So 80 or 99 of guilt is something that has negative value - it may sometimes be intellectually correct - we have done something wrong that it would be good not to repeat - but to beat ourselves up over it is not going to help. And a lot of the guilt - especially guilt about failure or lack of perfect performance at work - is not even reasonable. Because if we judge by results, it is possible - in fact I would say it is typical for the type of person reading this blog - to work too hard, to strive too hard, to persevere at something for which, in truth, we are not cut out. That "something" stops us finding what we really are cut out for - the contribution we could make to the world and our own sense of fulfilment. So the guilt is not only unreasonable, but utterly wrong-headed. The less ambitious sort of person, the type who takes an instrumental view of work as being what has to be done to earn a living, does not suffer the guilt, and is happier as a result. What is wrong is not the ambition - that is a good thing, because only ambition can make us fully alive and useful to the universe - but the guilt that lack of success often brings. The lack of success is feedback and should be valued as such, but the right reaction is not guilt - but to do something different, or differently! Something that takes less effort, and gives a better result, because we like doing it and are better at it.
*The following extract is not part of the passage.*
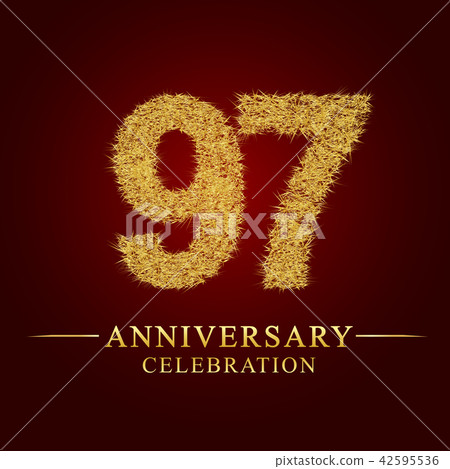 97 years anniversary logo nest and fuzz gold foil. 42595536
A small percentage of the time, the guilt should be listened to, because it can point us in a better direction. As M. Scott Peck says in Further Along The Road Less Traveled:

We need these moments of breaking, when we come to realize that we are not okay, that we do not have it all together, that we are not perfect, that we are not without sin. Moments of guilt, moments of contrition, moments when we are lacking in self-esteem, moments when we are bearing the trial of being displeasing to ourselves, are essential to our growth.

But even during these moments, we also need to value and love ourselves. Not only is it possible to love ourselves and realize that we are imperfect, but it's possible to do this at the same time. Indeed, often part of our loving ourselves is the realization that there is something about us that we need to work on.

And that last point is bang on. The Principle says that we should worry about outputs, not inputs; results, not causes. What matters is that we improve our performance. There is the hard way to do this, and the easy way. The hard way is to allow our lives to be structured by other people and not to change our environment to suit our strengths. The easy way is to take charge and do the opposite. Given that we are "crooked timber", the only sensible thing to do is to go the easy way. It is easier to change our surroundings - to ones where we can shine and be happy - that it is to change our insides. So we need to be clever and cunning about it. We need to plot. We need to experiment. We need to find ourselves, find the job, the partner, the friends, the contacts, the work, all these things that will be good for us and enable us to do something we enjoy, and something that therefore can be amazingly helpful to other people, because it works for us. If we enjoy our work and our relationships, we will add more value and happiness to the world than if we don't.

So - most guilt should be shrugged off - not denied, not ignored, but listened to and then put aside. But some of it may change our lives. The trick is knowing which is the one percent of guilt that we should really heed. The answer is - guilt is only useful if it points us in a happier direction. And that is something I haven't found in the Prayer Book yet.